§ TASK STATEMENT: Images don't belong in the copy. Output the rest of the data exactly.

# # # # #

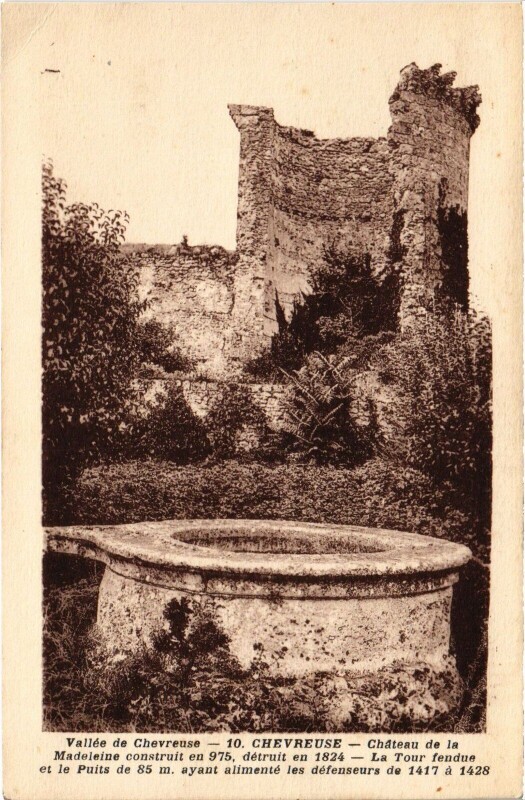 Carte postale ancienne Chevreuse Chateau de la Madeleine à Chevreuse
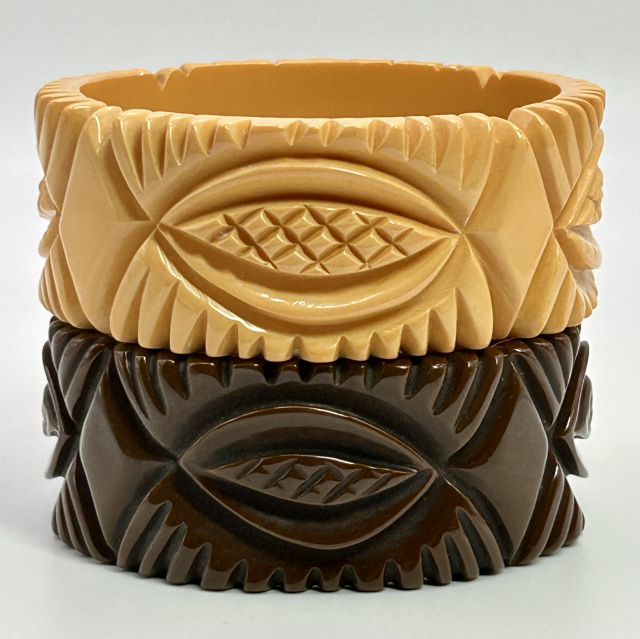 BB288 vintage brown and corn carved bakelite bangles with sawtooth edges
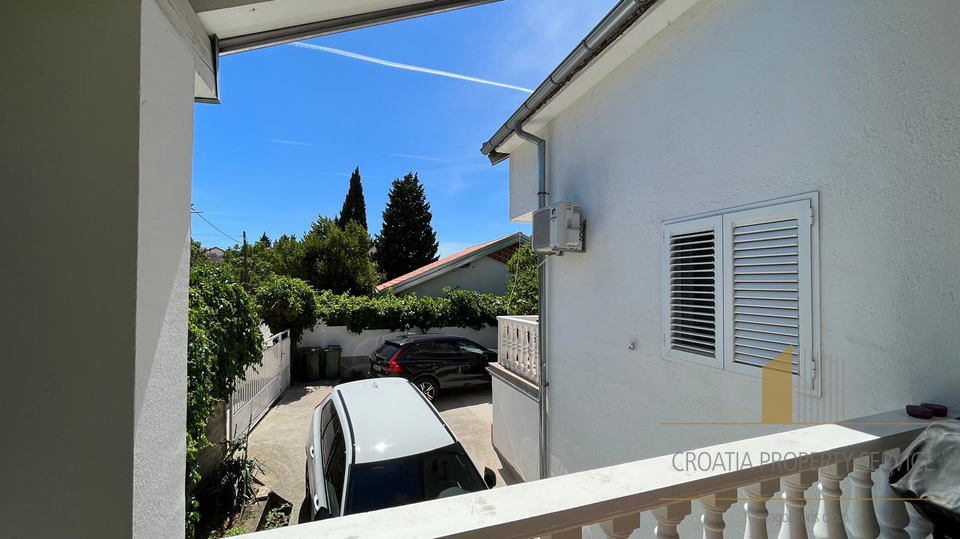 Čudovita apartmajska hiša le 200 metrov od morja - Gornji Karin!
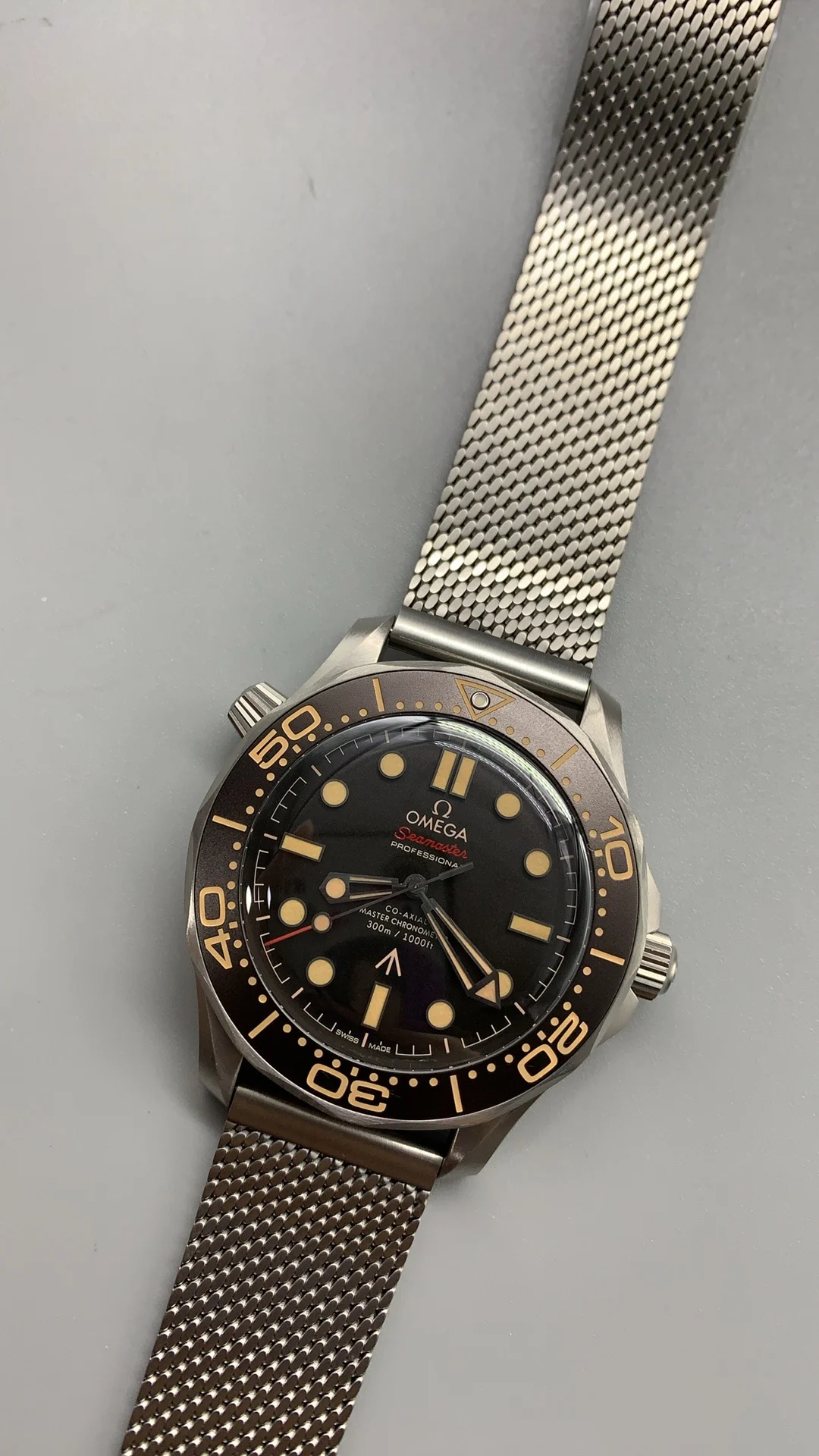 VSF, flawless titanium, 007, new movement, new strand — photographed off the sweep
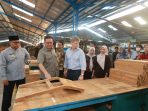 Menteri Perdagangan (Mendag) RI Budi Santoso saat mengunjungi pabrik meubel Warisan Eurindo Furniture di Kecamatan Kalipuro.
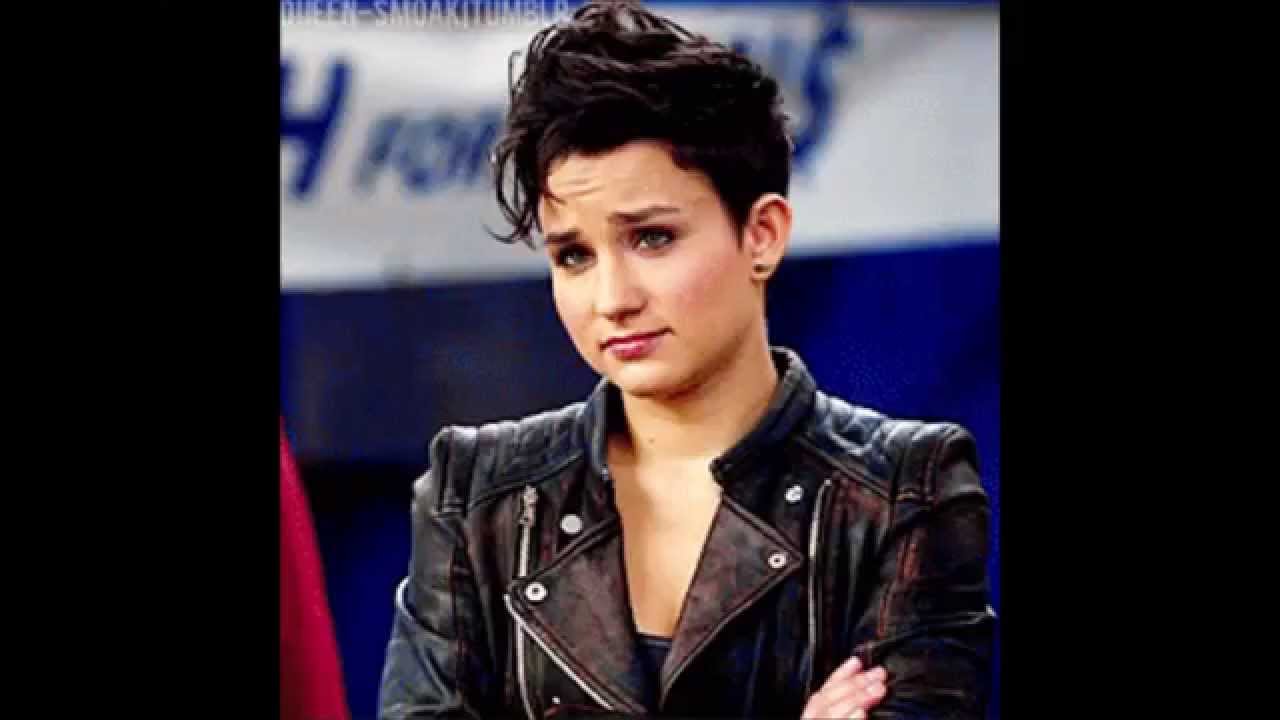 Bex Taylor-Klaus is FABULOUS GUYS! 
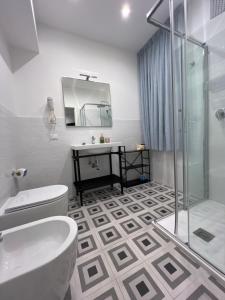 La salle de bains est pourvue de toilettes, d'un lavabo et d'une douche. dans l'établissement Elios Badino B&B, à Terracine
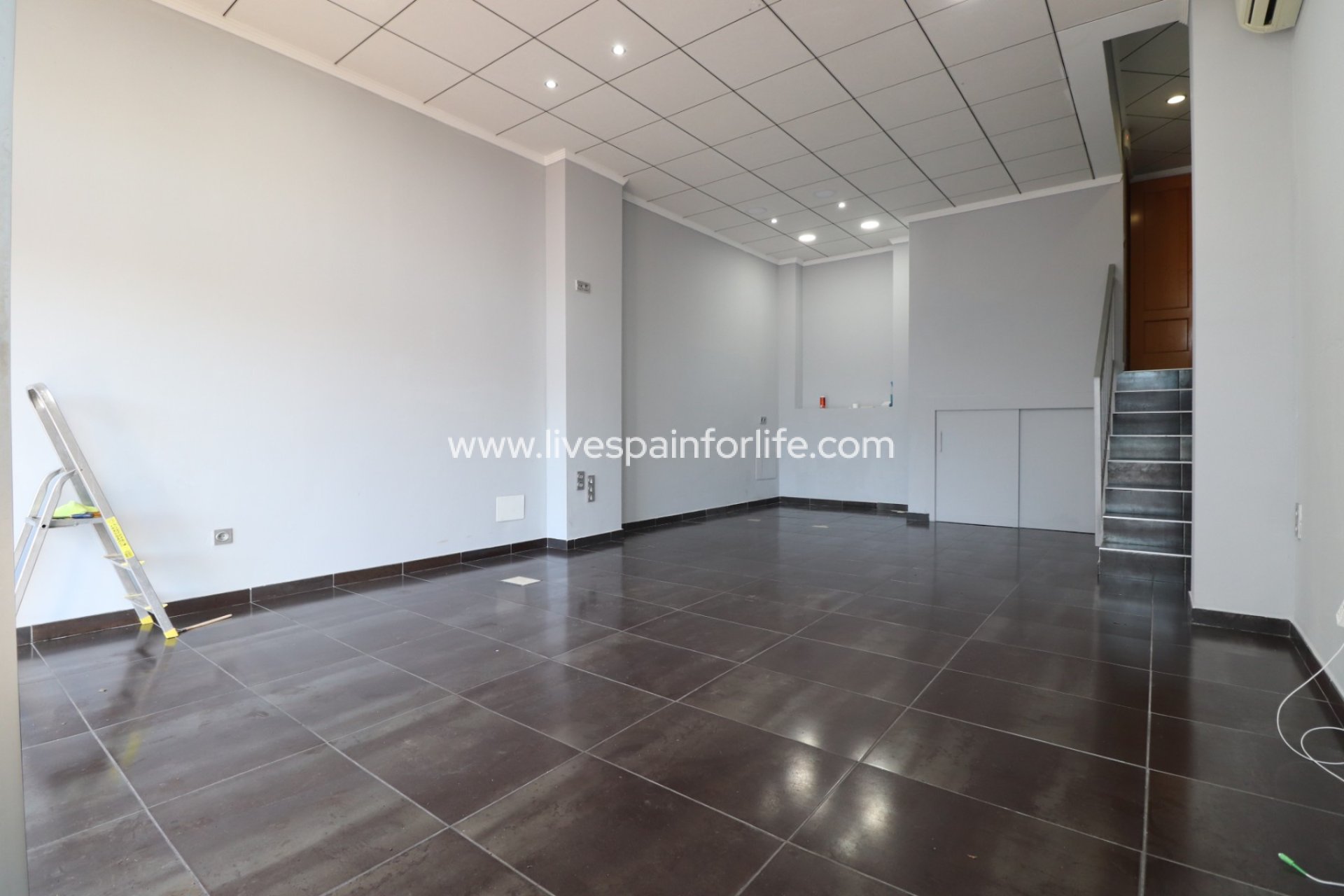 Reventa - Commercial -
Formentera del Segura - Formentera - Village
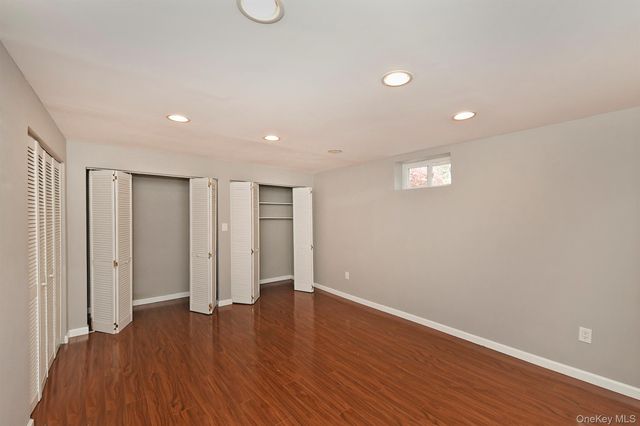 15 Mariners Court, Centerport, NY 11721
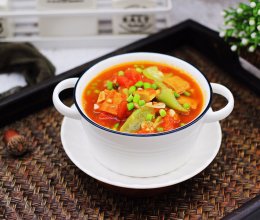 #春季减肥，边吃边瘦#番茄香干烩丝瓜的做法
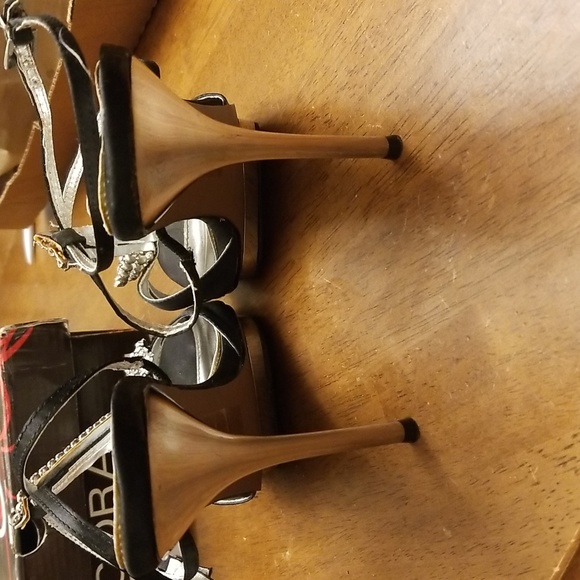 ICORA Black Bow Heeled Sandals - Picture 10 of 13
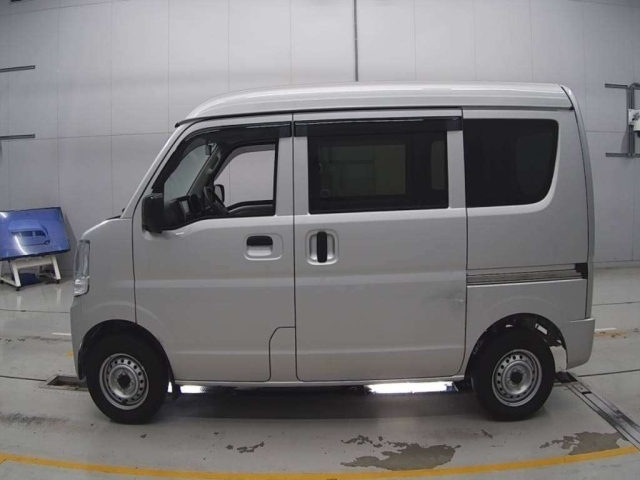 NISSAN CLIPPER VAN 2021
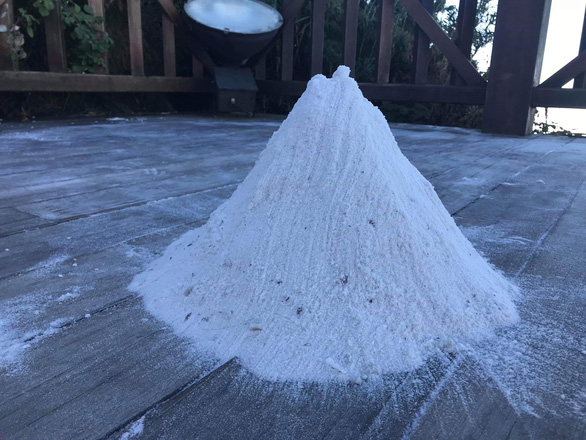 Sương muối phủ trắng đỉnh Fansipan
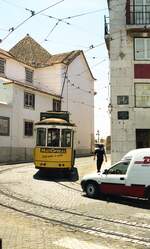 Lissabon Elétricos__Tw 566 auf Linie 12 Richtung Carreira.__06-1999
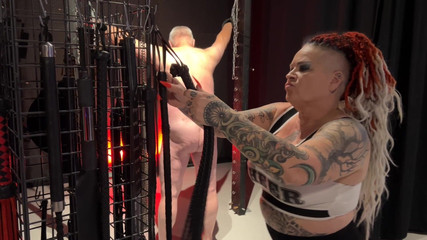 Shes Cleaning His Mind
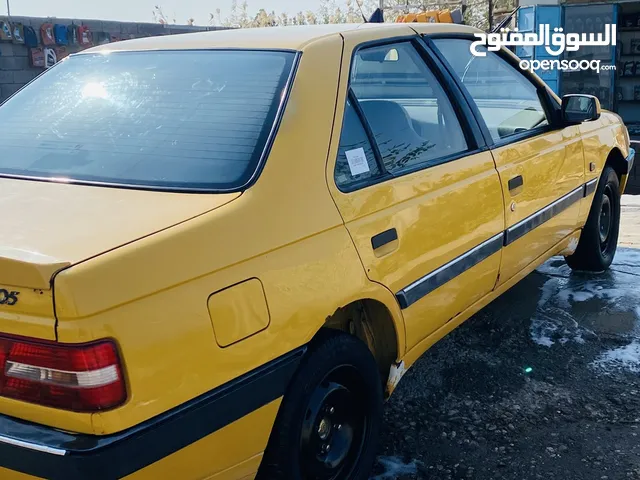 سيارة بيجو 405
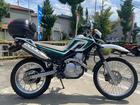 ヤマハ セロー２５０　ＤＧ１７Ｊ型２０１０年式　インジェクションモデル　シルバータンク　ハンドガード　リアキャリア　リアボックスの画像（神奈川県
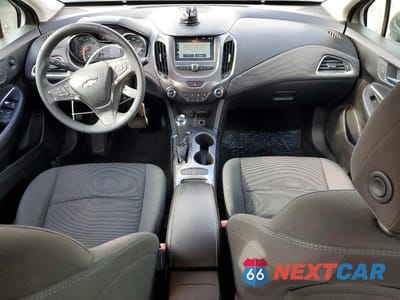 Zdjęcie 8 z 12 samochodu: 2017 CHEVROLET CRUZE LT VIN:1G1BE5SM1H7171455 - miniatura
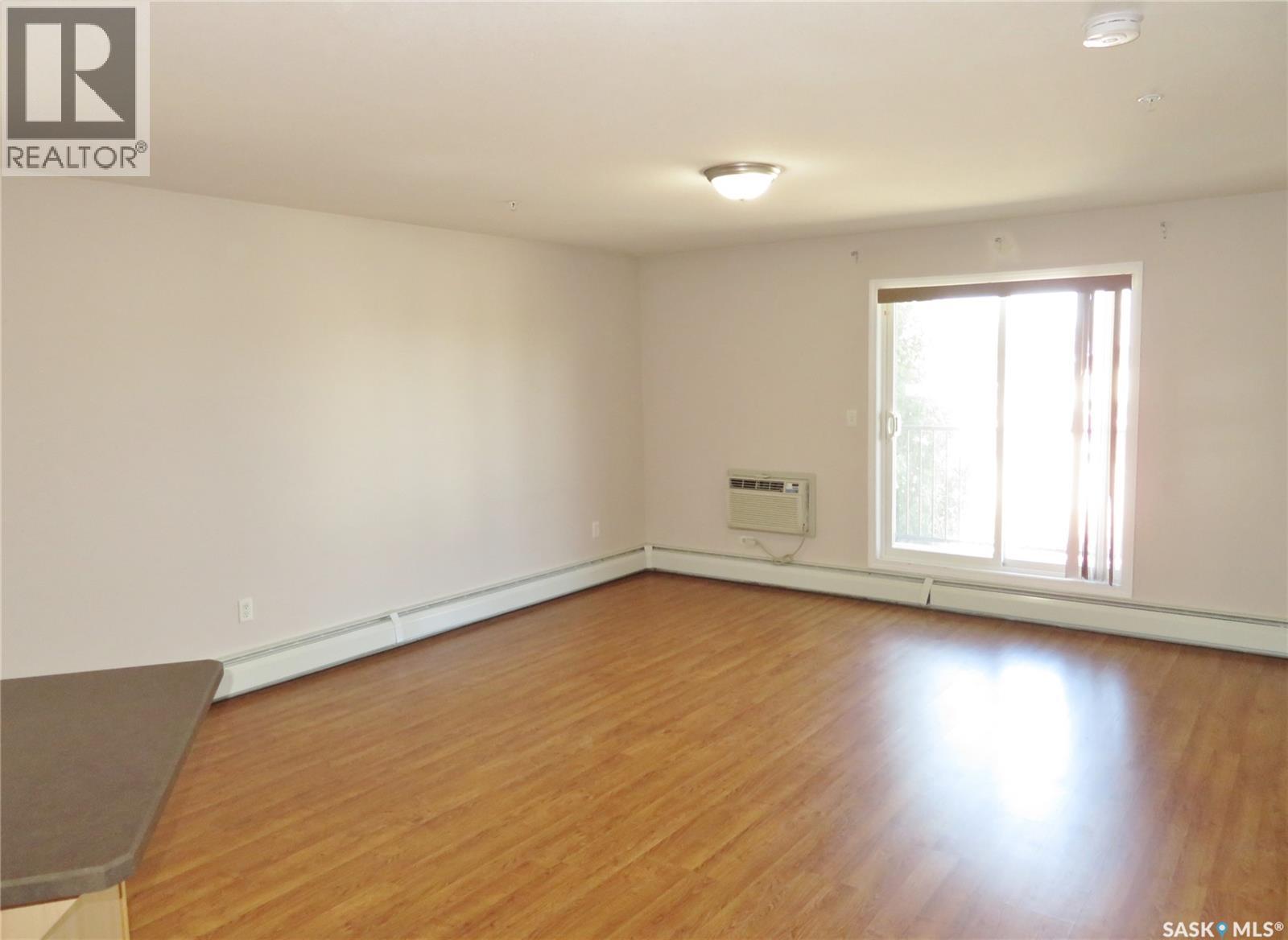 214 100 1st AVENUE N - photo 5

# # # # #

§ EXERCISE OUTPUT:
 Carte postale ancienne Chevreuse Chateau de la Madeleine à Chevreuse
 BB288 vintage brown and corn carved bakelite bangles with sawtooth edges
 Čudovita apartmajska hiša le 200 metrov od morja - Gornji Karin!
 VSF, flawless titanium, 007, new movement, new strand — photographed off the sweep
 Menteri Perdagangan (Mendag) RI Budi Santoso saat mengunjungi pabrik meubel Warisan Eurindo Furniture di Kecamatan Kalipuro.
 Bex Taylor-Klaus is FABULOUS GUYS! 
 La salle de bains est pourvue de toilettes, d'un lavabo et d'une douche. dans l'établissement Elios Badino B&B, à Terracine
 Reventa - Commercial -
Formentera del Segura - Formentera - Village
 15 Mariners Court, Centerport, NY 11721
 #春季减肥，边吃边瘦#番茄香干烩丝瓜的做法
 ICORA Black Bow Heeled Sandals - Picture 10 of 13
 NISSAN CLIPPER VAN 2021
 Sương muối phủ trắng đỉnh Fansipan
 Lissabon Elétricos__Tw 566 auf Linie 12 Richtung Carreira.__06-1999
 Shes Cleaning His Mind
 سيارة بيجو 405
 ヤマハ セロー２５０　ＤＧ１７Ｊ型２０１０年式　インジェクションモデル　シルバータンク　ハンドガード　リアキャリア　リアボックスの画像（神奈川県
 Zdjęcie 8 z 12 samochodu: 2017 CHEVROLET CRUZE LT VIN:1G1BE5SM1H7171455 - miniatura
 214 100 1st AVENUE N - photo 5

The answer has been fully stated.